Content starts

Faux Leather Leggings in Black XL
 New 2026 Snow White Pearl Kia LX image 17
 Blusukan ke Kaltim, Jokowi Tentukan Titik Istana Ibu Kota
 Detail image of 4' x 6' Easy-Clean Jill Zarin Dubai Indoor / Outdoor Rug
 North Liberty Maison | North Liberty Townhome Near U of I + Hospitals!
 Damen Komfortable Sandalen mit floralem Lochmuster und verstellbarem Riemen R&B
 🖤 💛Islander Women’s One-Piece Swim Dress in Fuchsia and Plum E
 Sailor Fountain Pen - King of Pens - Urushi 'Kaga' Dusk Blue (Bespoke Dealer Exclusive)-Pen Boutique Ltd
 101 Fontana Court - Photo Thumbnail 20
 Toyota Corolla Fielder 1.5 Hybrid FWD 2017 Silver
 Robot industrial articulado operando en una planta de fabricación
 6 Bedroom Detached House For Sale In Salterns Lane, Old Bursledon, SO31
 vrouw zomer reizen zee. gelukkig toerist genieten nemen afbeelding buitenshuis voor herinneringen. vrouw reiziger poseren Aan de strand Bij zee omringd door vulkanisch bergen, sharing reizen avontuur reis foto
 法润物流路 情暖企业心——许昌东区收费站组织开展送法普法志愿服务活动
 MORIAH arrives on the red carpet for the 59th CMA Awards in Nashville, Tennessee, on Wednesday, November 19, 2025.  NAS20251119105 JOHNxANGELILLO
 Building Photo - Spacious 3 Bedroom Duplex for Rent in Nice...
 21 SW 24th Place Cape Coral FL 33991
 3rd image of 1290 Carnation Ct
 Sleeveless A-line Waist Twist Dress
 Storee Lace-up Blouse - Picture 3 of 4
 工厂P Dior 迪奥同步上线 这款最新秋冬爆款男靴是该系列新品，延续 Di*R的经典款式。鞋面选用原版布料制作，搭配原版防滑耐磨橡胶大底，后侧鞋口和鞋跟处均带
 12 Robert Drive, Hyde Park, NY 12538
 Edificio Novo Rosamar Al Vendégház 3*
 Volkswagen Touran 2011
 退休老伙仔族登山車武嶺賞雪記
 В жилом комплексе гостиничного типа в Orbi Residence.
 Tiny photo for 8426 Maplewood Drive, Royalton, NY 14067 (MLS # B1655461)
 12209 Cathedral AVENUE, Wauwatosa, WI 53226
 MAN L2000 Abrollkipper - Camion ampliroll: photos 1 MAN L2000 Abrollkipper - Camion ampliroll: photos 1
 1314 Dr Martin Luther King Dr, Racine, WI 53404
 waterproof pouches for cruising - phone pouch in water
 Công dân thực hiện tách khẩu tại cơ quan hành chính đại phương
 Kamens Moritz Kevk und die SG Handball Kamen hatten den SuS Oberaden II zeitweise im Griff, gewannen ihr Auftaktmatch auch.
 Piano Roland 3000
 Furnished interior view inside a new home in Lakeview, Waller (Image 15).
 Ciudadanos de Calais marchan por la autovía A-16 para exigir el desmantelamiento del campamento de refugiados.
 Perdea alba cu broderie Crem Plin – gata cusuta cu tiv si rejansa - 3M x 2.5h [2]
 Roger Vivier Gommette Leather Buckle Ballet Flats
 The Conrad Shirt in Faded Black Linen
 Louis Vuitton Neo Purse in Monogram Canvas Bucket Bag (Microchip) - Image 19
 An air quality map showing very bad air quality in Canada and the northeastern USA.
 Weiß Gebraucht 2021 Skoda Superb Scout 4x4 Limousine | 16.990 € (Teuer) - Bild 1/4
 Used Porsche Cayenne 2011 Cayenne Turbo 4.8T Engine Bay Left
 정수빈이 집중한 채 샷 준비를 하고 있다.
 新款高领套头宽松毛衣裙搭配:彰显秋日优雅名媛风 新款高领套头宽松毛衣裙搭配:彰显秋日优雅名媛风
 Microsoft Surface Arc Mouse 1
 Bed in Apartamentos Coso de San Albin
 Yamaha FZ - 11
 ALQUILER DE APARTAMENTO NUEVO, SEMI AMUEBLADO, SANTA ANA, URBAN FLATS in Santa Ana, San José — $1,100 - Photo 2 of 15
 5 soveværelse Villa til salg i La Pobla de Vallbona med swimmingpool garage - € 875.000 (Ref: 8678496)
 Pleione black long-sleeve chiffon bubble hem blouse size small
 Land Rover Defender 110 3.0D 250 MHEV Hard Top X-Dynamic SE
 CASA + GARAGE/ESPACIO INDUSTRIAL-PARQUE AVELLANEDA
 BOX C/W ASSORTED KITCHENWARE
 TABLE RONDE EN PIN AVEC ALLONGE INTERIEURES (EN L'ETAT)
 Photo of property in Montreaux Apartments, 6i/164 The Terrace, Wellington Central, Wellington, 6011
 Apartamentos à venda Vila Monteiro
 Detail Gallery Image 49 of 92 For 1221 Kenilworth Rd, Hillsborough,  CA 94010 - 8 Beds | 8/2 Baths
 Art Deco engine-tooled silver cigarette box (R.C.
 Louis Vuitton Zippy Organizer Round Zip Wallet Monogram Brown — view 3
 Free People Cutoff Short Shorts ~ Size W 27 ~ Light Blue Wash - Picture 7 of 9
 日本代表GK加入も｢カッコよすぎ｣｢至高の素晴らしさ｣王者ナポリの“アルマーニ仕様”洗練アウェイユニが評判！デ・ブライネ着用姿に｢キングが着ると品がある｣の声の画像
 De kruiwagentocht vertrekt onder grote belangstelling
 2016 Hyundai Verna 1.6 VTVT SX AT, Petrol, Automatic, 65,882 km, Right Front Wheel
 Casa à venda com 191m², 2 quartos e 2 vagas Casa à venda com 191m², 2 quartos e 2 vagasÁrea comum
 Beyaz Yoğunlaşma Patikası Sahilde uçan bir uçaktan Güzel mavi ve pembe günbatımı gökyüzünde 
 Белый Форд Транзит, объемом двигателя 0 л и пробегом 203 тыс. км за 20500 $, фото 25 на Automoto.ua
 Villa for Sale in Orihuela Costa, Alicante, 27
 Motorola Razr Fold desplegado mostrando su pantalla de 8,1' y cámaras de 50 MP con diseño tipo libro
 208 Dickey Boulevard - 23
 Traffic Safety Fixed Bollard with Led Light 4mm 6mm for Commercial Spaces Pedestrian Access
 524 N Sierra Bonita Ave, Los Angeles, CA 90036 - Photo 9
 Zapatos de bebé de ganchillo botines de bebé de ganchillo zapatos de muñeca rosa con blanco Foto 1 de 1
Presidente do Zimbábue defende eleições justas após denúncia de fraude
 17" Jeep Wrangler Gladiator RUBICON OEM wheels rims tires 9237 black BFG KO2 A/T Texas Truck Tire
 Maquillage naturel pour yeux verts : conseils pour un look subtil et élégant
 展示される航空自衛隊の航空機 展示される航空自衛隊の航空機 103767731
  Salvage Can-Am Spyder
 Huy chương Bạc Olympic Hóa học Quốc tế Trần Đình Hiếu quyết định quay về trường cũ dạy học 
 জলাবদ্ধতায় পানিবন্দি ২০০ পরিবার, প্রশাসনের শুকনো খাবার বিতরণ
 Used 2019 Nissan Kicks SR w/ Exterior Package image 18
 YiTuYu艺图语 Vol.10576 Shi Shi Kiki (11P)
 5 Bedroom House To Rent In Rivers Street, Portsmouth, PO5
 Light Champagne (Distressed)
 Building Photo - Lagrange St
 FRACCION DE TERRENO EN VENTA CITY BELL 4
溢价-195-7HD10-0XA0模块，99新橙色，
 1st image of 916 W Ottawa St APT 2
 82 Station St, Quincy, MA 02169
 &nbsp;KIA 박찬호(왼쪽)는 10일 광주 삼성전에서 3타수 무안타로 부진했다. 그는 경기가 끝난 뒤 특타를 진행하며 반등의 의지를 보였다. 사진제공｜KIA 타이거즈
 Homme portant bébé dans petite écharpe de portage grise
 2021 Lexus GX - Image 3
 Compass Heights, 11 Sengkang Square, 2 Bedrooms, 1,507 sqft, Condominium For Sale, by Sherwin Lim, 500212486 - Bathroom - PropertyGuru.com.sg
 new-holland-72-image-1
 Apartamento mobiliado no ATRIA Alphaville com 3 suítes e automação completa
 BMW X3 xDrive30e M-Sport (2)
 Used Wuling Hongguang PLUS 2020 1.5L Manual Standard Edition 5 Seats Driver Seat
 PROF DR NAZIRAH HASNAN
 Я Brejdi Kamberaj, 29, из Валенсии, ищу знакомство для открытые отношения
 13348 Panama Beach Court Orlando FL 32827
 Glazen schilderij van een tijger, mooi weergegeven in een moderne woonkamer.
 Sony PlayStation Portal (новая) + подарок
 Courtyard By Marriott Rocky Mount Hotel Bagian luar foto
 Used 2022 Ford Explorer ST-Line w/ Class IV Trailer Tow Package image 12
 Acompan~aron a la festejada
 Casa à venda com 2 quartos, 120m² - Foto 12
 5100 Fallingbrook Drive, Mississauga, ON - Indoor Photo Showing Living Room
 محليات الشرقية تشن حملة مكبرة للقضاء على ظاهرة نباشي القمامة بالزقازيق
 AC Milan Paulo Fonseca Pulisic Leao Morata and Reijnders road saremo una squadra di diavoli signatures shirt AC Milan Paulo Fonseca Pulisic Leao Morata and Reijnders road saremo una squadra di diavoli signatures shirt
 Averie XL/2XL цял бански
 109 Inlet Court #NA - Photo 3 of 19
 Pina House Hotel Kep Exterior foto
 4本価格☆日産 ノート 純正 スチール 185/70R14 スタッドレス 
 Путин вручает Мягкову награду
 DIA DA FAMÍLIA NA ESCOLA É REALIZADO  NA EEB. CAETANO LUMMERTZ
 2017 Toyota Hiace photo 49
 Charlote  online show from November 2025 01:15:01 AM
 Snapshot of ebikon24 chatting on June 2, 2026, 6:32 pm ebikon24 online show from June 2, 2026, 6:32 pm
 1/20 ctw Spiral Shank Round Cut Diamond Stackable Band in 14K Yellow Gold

Content ends

* [What is required]
Start at the line containing "signatures shirt AC" and copy each line through the last one in the records, exactly and with nothing added.

* [Solved exercise]
 AC Milan Paulo Fonseca Pulisic Leao Morata and Reijnders road saremo una squadra di diavoli signatures shirt AC Milan Paulo Fonseca Pulisic Leao Morata and Reijnders road saremo una squadra di diavoli signatures shirt
 Averie XL/2XL цял бански
 109 Inlet Court #NA - Photo 3 of 19
 Pina House Hotel Kep Exterior foto
 4本価格☆日産 ノート 純正 スチール 185/70R14 スタッドレス 
 Путин вручает Мягкову награду
 DIA DA FAMÍLIA NA ESCOLA É REALIZADO  NA EEB. CAETANO LUMMERTZ
 2017 Toyota Hiace photo 49
 Charlote  online show from November 2025 01:15:01 AM
 Snapshot of ebikon24 chatting on June 2, 2026, 6:32 pm ebikon24 online show from June 2, 2026, 6:32 pm
 1/20 ctw Spiral Shank Round Cut Diamond Stackable Band in 14K Yellow Gold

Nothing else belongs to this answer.